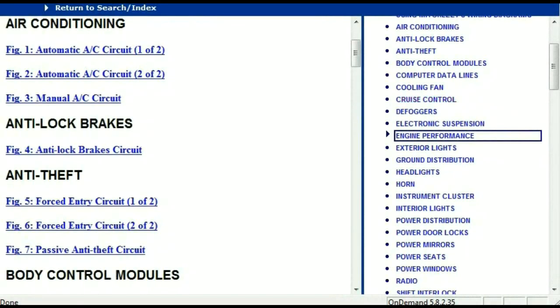So once the document has landed in your hands, it's going to look like this. It has got different chapters, and those chapters are different units within the vehicle which have got electrical circuits.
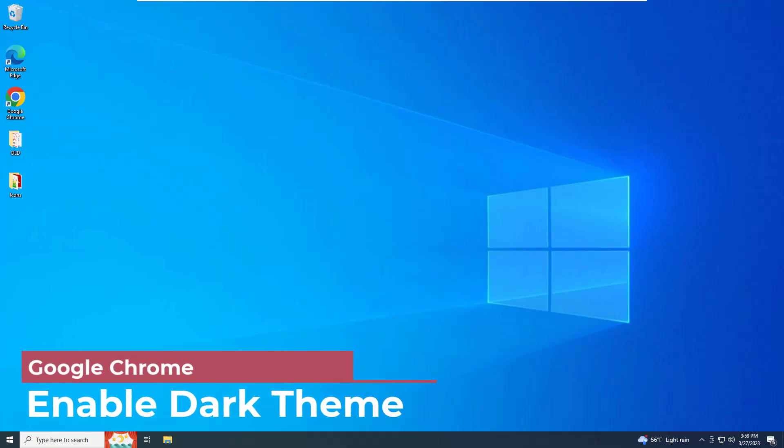Hello and welcome. In today's tutorial, I'm going to show you how to enable dark theme on Google Chrome browsers.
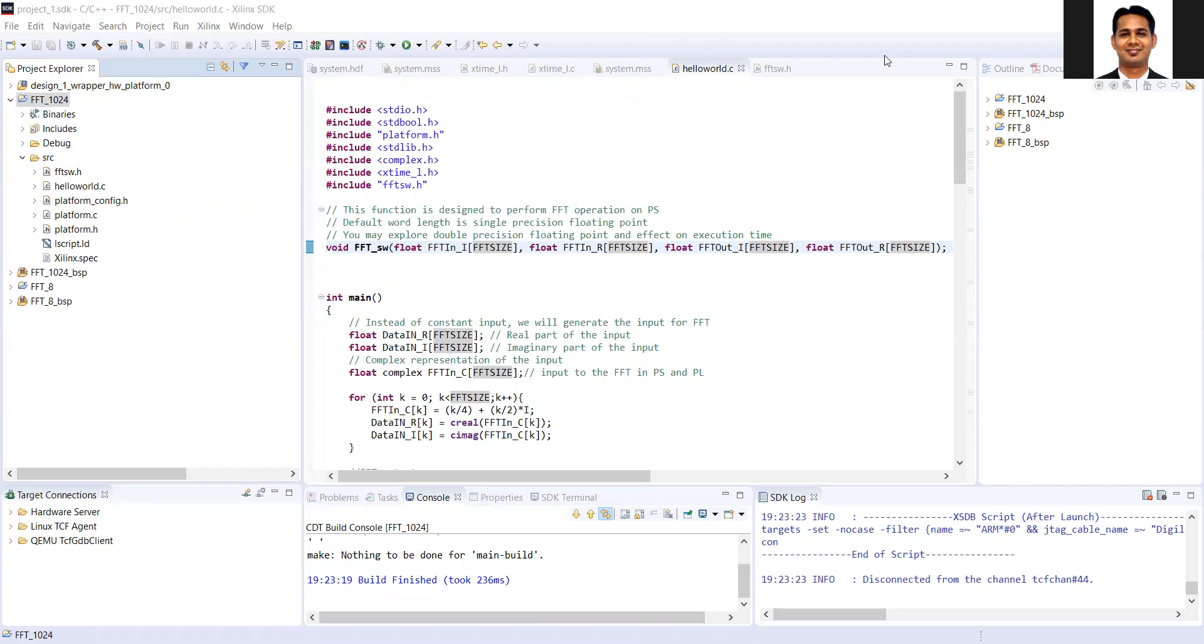But at the same time, you need to verify the functionality that I leave it to you how you verify the functionality.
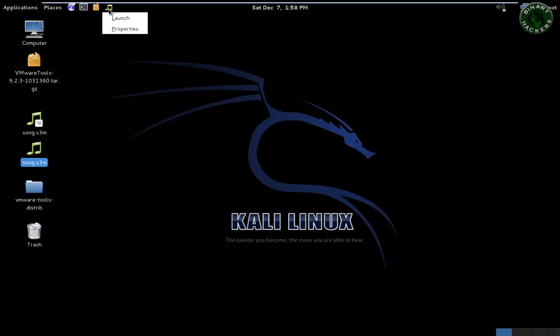Using the right-click option, you cannot remove this icon. But if you want to remove this icon from the panel...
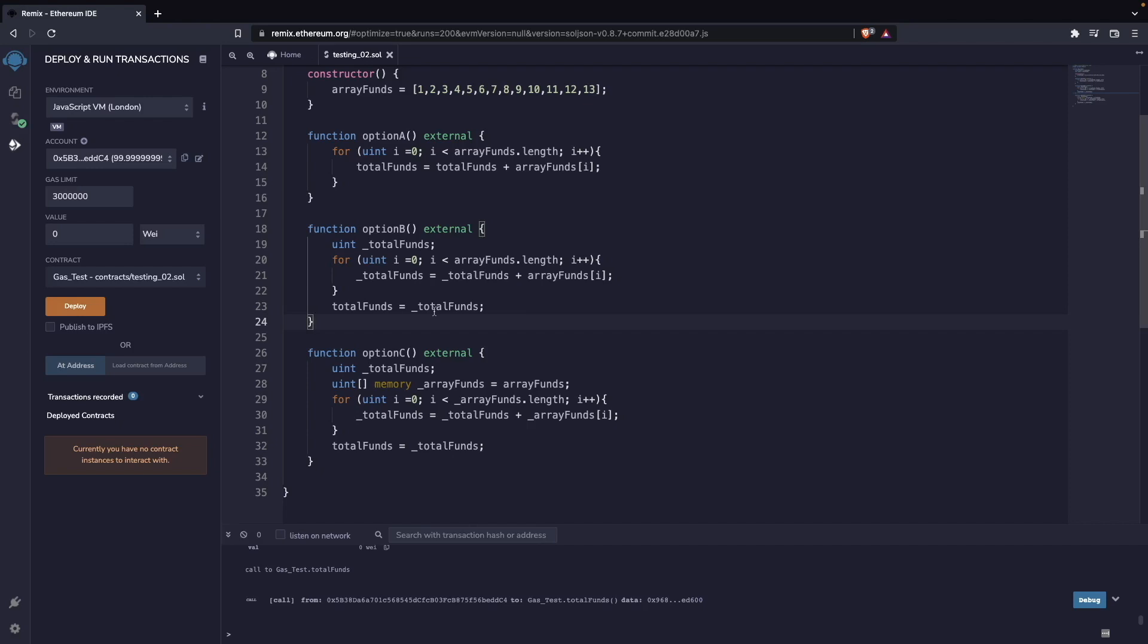But the problem with this one is that we are not writing to the blockchain, but we are reading from the blockchain in each loop. So that's not good enough.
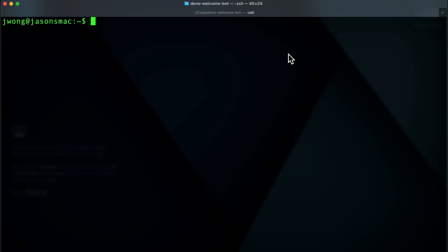You can use the trigger command of the Slack CLI to create a trigger. Using the create sub command and specifying your trigger file with the trigger dev flag, you'll end up with a command that looks like this.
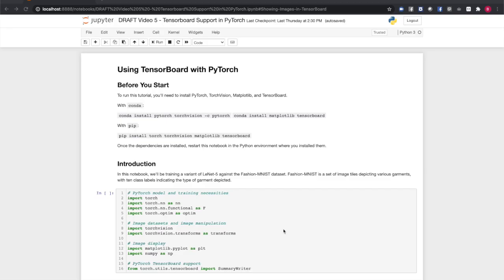If you haven't already, you'll need to set up a Python environment with the latest versions of PyTorch and TensorBoard. The commands on screen show how to do that for conda and pip.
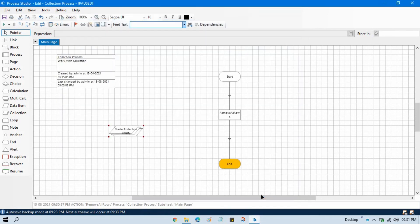Once you close and reopen, you will have the same initial data again. It's similar to an Excel scenario: you read data from a worksheet into a collection, and once you remove all rows, the collection becomes empty at runtime — but the data in your Excel sheet is not removed, it remains intact.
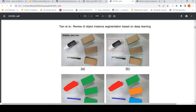This is Ritesh Srinivasan and welcome to my channel. In this video let's look at what is the task of object instance segmentation in computer vision, what are the approaches for solving this particular task, and also a demo of MMDetection — a library or framework for object detection and instance segmentation.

++++++++

Task to carry out :: Reproduce the entire listing exactly, except for any pictures it contains.

Exercise solution ::
So once the document has landed in your hands, it's going to look like this. It has got different chapters, and those chapters are different units within the vehicle which have got electrical circuits.
Hello and welcome. In today's tutorial, I'm going to show you how to enable dark theme on Google Chrome browsers.
But at the same time, you need to verify the functionality that I leave it to you how you verify the functionality.
Using the right-click option, you cannot remove this icon. But if you want to remove this icon from the panel...
But the problem with this one is that we are not writing to the blockchain, but we are reading from the blockchain in each loop. So that's not good enough.
You can use the trigger command of the Slack CLI to create a trigger. Using the create sub command and specifying your trigger file with the trigger dev flag, you'll end up with a command that looks like this.
If you haven't already, you'll need to set up a Python environment with the latest versions of PyTorch and TensorBoard. The commands on screen show how to do that for conda and pip.
Once you close and reopen, you will have the same initial data again. It's similar to an Excel scenario: you read data from a worksheet into a collection, and once you remove all rows, the collection becomes empty at runtime — but the data in your Excel sheet is not removed, it remains intact.
This is Ritesh Srinivasan and welcome to my channel. In this video let's look at what is the task of object instance segmentation in computer vision, what are the approaches for solving this particular task, and also a demo of MMDetection — a library or framework for object detection and instance segmentation.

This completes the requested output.